YOUR INSTRUCTIONS
As the output, give exactly the lines that run from the one with "Floor plan of" through the end of the records below, and omit pictures.

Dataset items
——
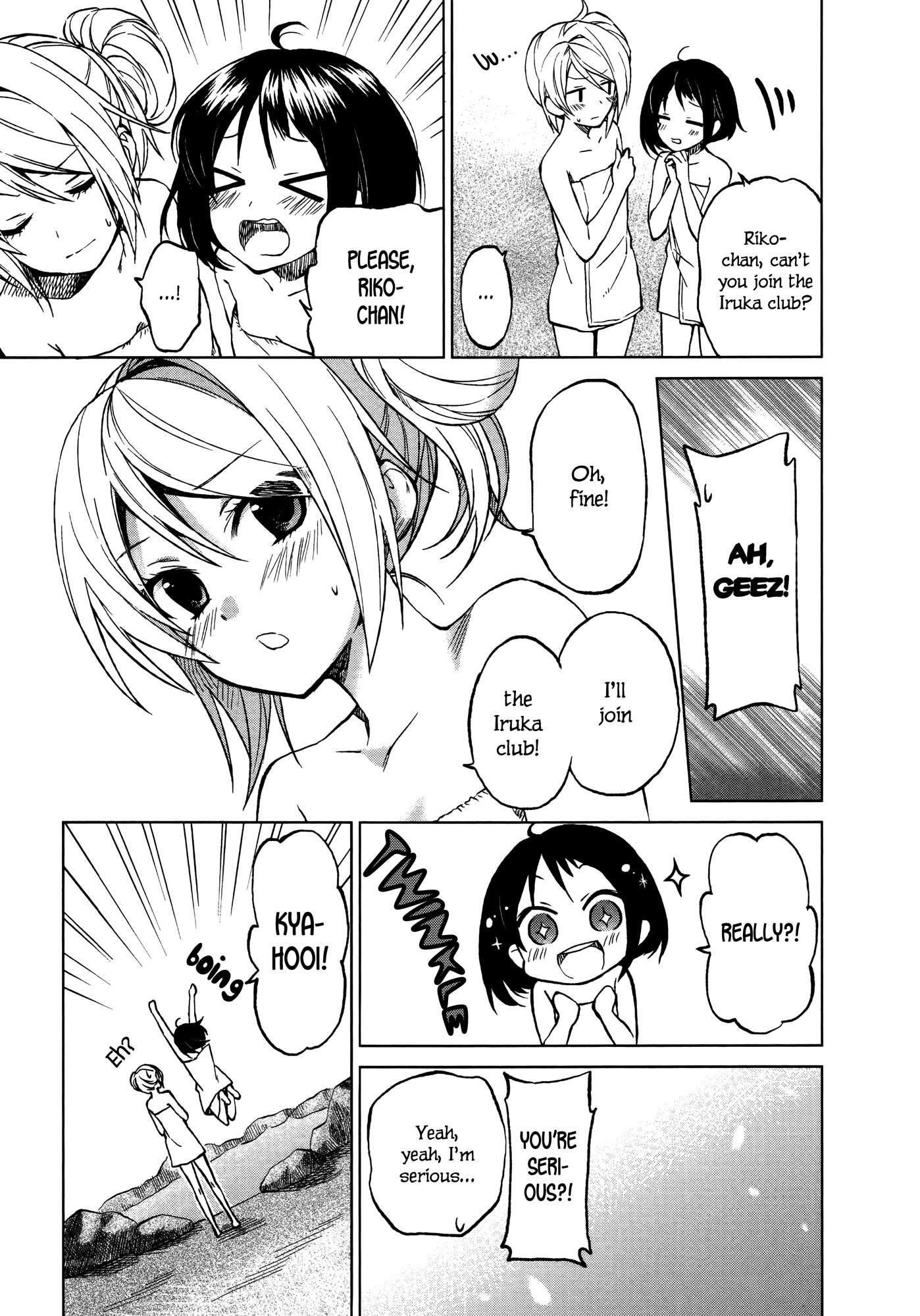 Riko to Haru to Onsen to Iruka Chapter 2 page 36 - Chapter 2: Opening Ceremony and Iruka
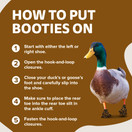 Large Waterfowl Pair (4.5" W x 4" L) / Leopard Duck Shoes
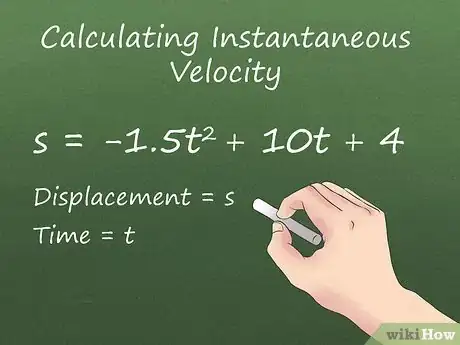 Image intitulée Calculate Instantaneous Velocity Step 1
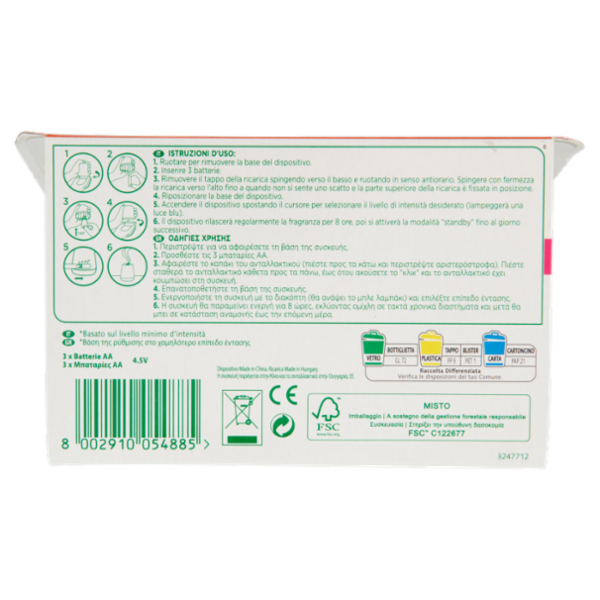 Air Wick Diffusore di Fragranza con oli essenziali Mandarino e Arancia Profumatore per ambiente 20 m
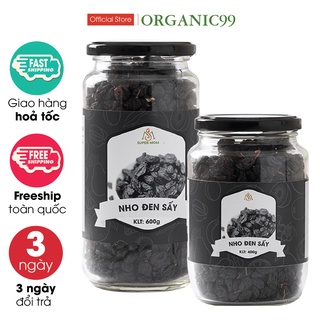 Nho đen hữu cơ sấy dẻo không đường ăn vặt mẹ bầu/ ăn vặt ăn kiêng healthy lành mạnh giảm cân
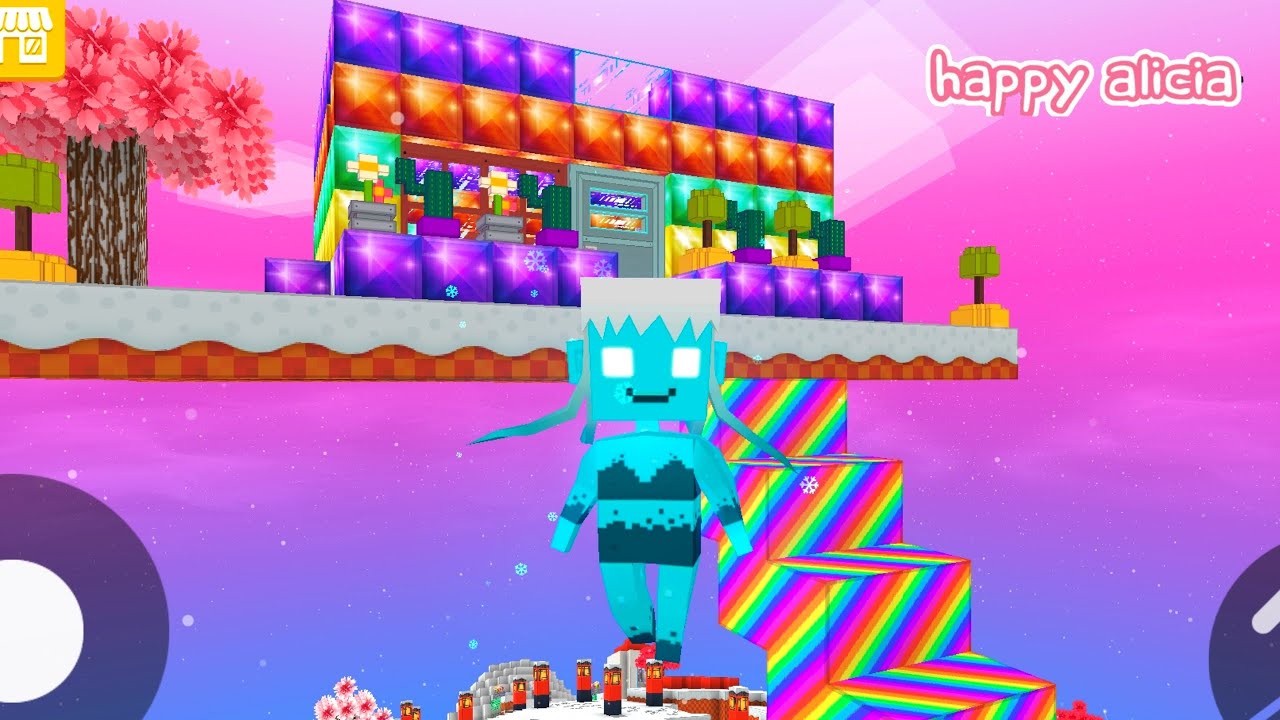 Icy Buat Rumah Diamond Melayang | Game Happy Alicia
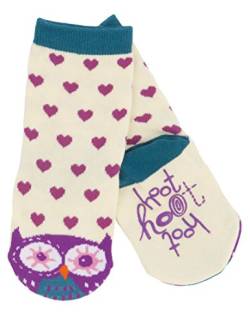 Hatley Mädchen Kids Animal Socks Hoot Sneakersocken, Elfenbein (Cream), 104 (Herstellergröße:Small (2-4 Years)) von Little Blue House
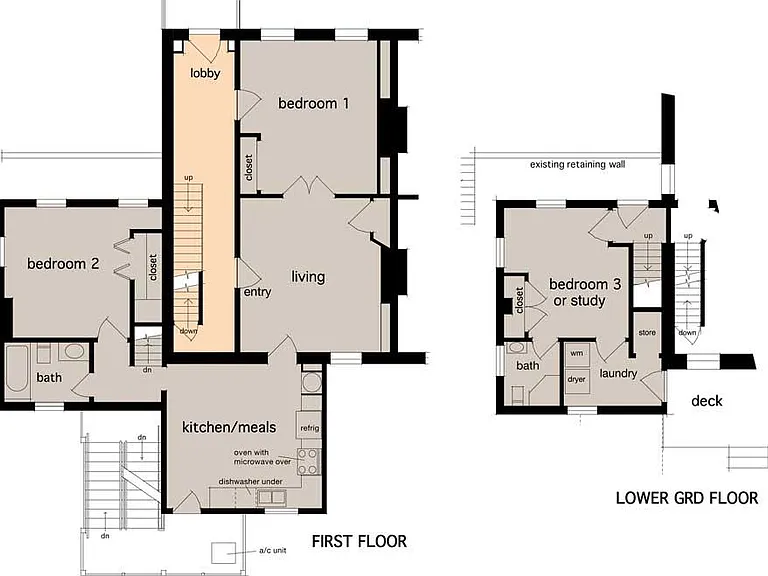 Floor plan of apartment. Rooms are oversize and ceilings are 10 feet. They liked it BIG in the Queen City in 1895.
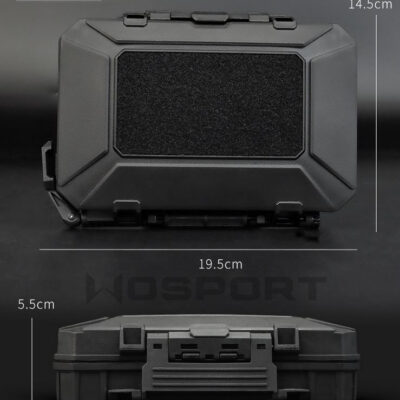 Alternative view of Waterproof Molle tactical gear case - TAN
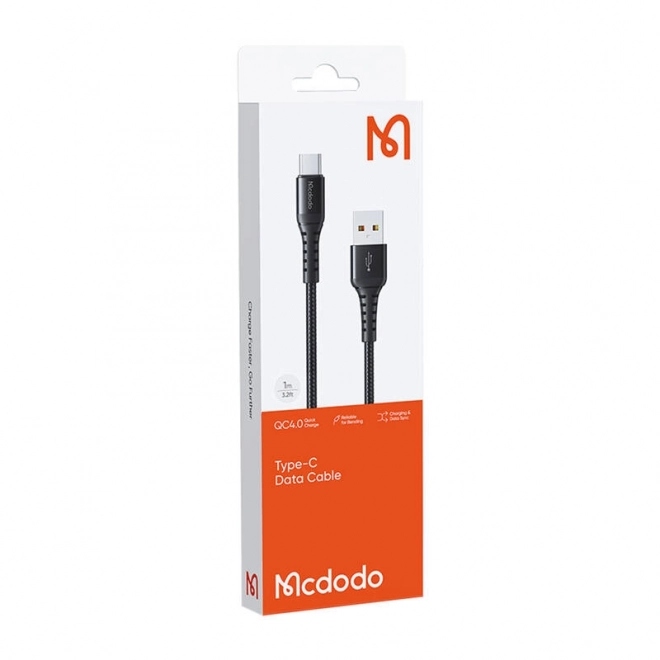 Kabel Mcdodo USB-A na USB-C 60W 3m črna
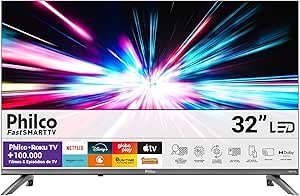 ✅Smart TV 32″ Philco Roku TV Dolby Áudio HDR10 P32CRB!!😎💕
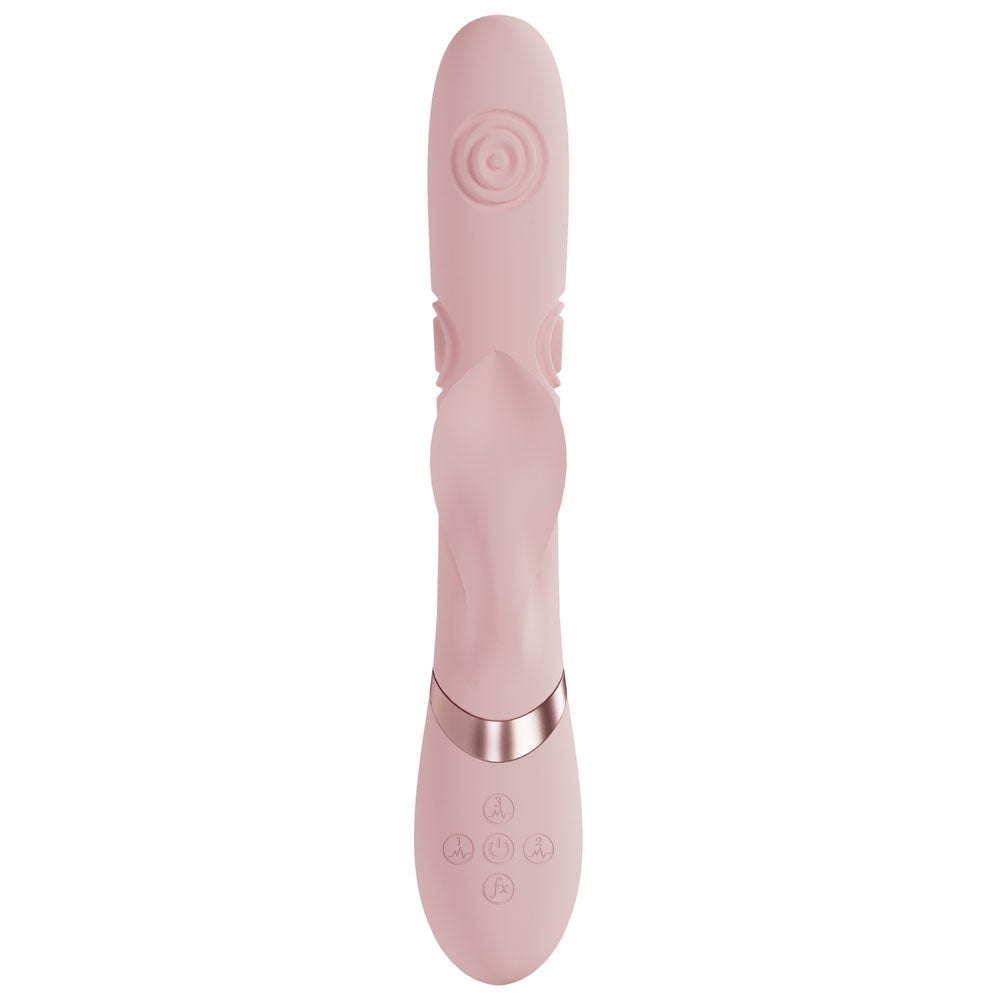 Pink electronic device on a white background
——
RESPONSE TO THE TASK
 Floor plan of apartment. Rooms are oversize and ceilings are 10 feet. They liked it BIG in the Queen City in 1895.
 Alternative view of Waterproof Molle tactical gear case - TAN
 Kabel Mcdodo USB-A na USB-C 60W 3m črna
 ✅Smart TV 32″ Philco Roku TV Dolby Áudio HDR10 P32CRB!!😎💕
 Pink electronic device on a white background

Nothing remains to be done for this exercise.